Author Linklater, already known in the U. S. by a satirical and a prehistoric novel (Juan in America, The Men of Ness; TIME, Mar. 4, 1931; Mar. 27) has written by far his best book in Magnus Merriman. A picaresque satire, it has little malice, much humor. Though it strikes many a shrewdly glancing blow at politics, literature, journalism, romance, it is definitely on the side of the conservative angels. Though its story wanders like its hero's volatile mind, it is well told, thickly peopled with engagingly human characters.
Magnus Merriman, son of a country schoolmaster in Orkney, got a taste for seeing the world during the War. He lost his job as teacher in a Bombay missionary college by writing scurrilous verses, but on his roundabout way back to England he got the material for a best-selling novel. In London he enjoyed himself for a while, but when an old friend urged him to come to Edinburgh and join the Scottish Nationalist movement he thought he might as well. Easily led astray by new enthusiasms, Magnus acquired in Edinburgh a passionate political creed, a new mistress, several severe hangovers. Persuaded to stand for Parliament, he campaigned fiercely, was ignominiously defeated, fleeced by his manager. Disgusted with politics and his mistress, who was becoming possessive, Magnus took refuge in Orkney, relapsed delightedly into the life of a farmer. A moonlit night and a pretty face got him in trouble again, and he went back to London, tried his hand at journalism. When a letter from the pretty Orkney lass informed him that she was going to have a baby, Magnus quixotically rushed back to marry her. She turned out to be a handsome termagant, but this time Magnus was caught. He settled down to be a literary farmer, a henpecked but occasionally drunken husband. His tireless hopes he transferred to his infant son.
Written with polysyllabic polish, Magnus Merriman occasionally threatens to become stylistically top-heavy, but usually Author Linklater's sly gusto keeps it right-side-up. He likes a neat phrase ("politics, that alluring perversion of patriotism") but usually makes glitter subservient to sense. His humor raises no sniggers but hearty snorts. When Magnus and his bride, having been up all night with the reveling wedding guests, set off in a car for their honeymoon, they passed one of the guests crawling on hands and knees along the road. Magnus stopped the car, asked the man if he was all right. ." Ts this the road to Birsay?' asked the crawler. 'Yes' said Magnus. 'But you've six miles to go.' 'It's early yet,' said the crawler, and plodded on."

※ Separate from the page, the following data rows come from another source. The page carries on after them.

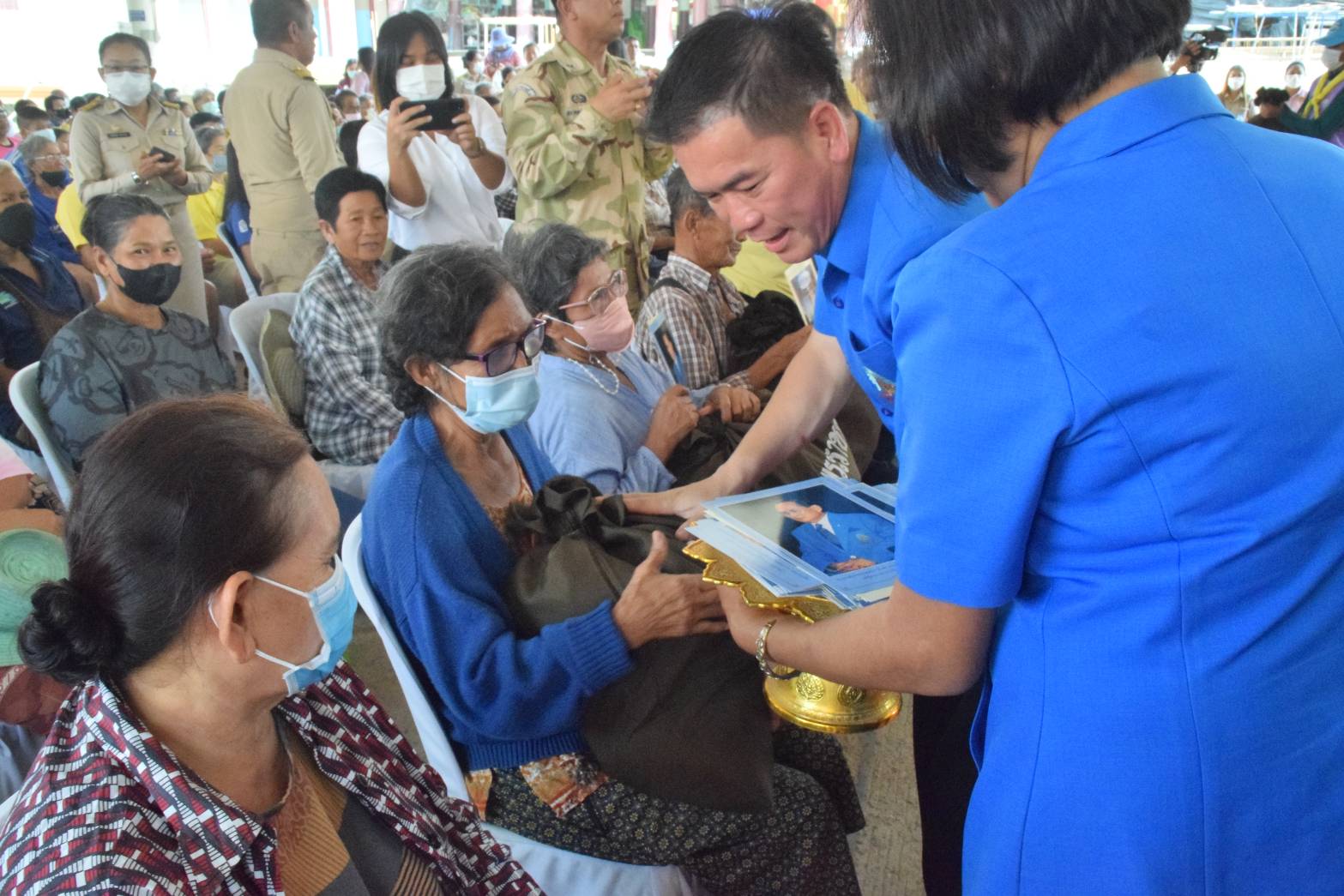 อยุธยา-เชิญสิ่งของพระราชทาน มอบให้แก่ปชช.ผู้ประสบอุทกภัยใน อ.บางบาล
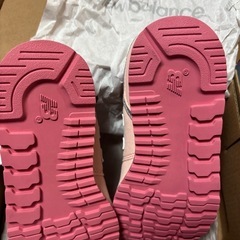 ニューバランス　キッズ　スニーカー　17cm 女の子の画像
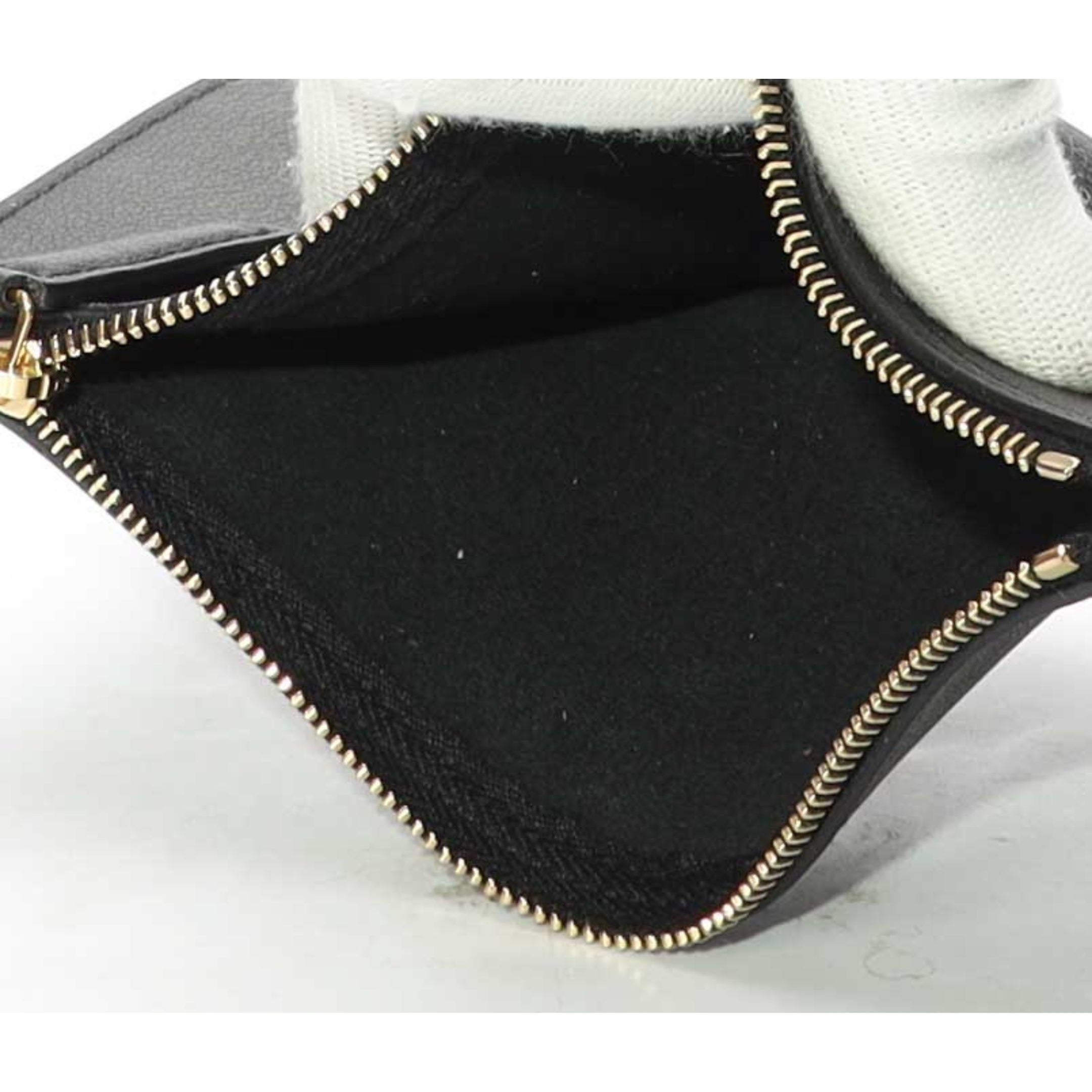 Yves Saint Laurent Shopping Black Tote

The Author, like his hero, who he resolutely denies is made in his own image, is a native Orkneyman who has gone back to the Orkneys to live. At 12 he ran away from Aberdeen Grammar School to join the army, but was recaptured. When the War broke out he was more successful, enlisted as a private in the famed Black Watch, and was shipped home, seriously wounded, in 1918. After studying medicine and English at the University of Aberdeen, he took a job as assistant editor of the Bombay Times of India. When he got tired of that he went home by way of Persia, taught English at his alma mater. A Commonwealth Fellowship gave him two wandering years in America. Now he lives in Biscarth, Orkney, with his wife, except when he is finishing a book. Then he goes away, leaves instructions to have no mail forwarded. His bald pate, glasses and clipped mustache make him look older than his 35 years. Other books: Poet's Pub, A Dragon Laughed (verse), White Maa's Saga, Ben Johnson and King James, Mary, Queen of Scots.